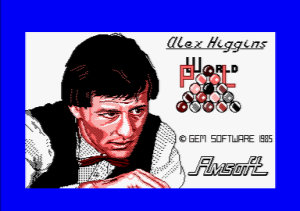 Alex Higgins World Pool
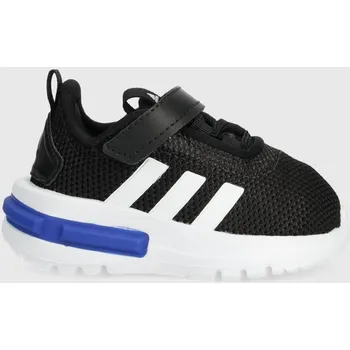 Chlapecká obuv Dětské sneakers boty adidas RACER TR23 EL I černá barva ID0336 99X, EUR 18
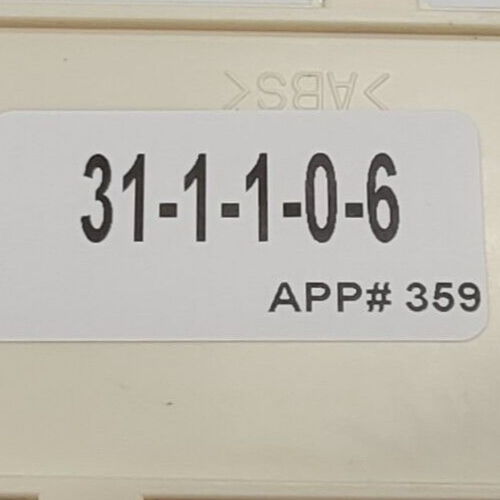 Genuine Washer LG Noise Filter Part#6201EC1006A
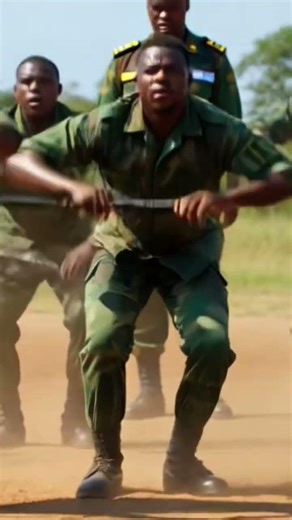 Ghana 🇬🇭 Army training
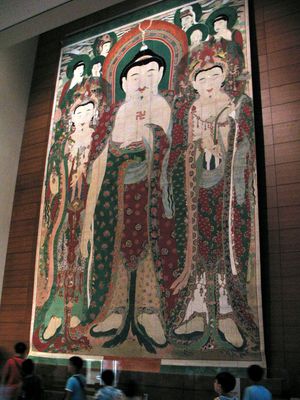 청량사영산회괘불탱(제302호)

Exercise goal — Nothing but the lines from the one holding "Chlapecká obuv Dětské" through the final line of the entries should be retyped, exactly as they stand and without pictures.

Answer box —
 Chlapecká obuv Dětské sneakers boty adidas RACER TR23 EL I černá barva ID0336 99X, EUR 18
 Genuine Washer LG Noise Filter Part#6201EC1006A
 Ghana 🇬🇭 Army training
 청량사영산회괘불탱(제302호)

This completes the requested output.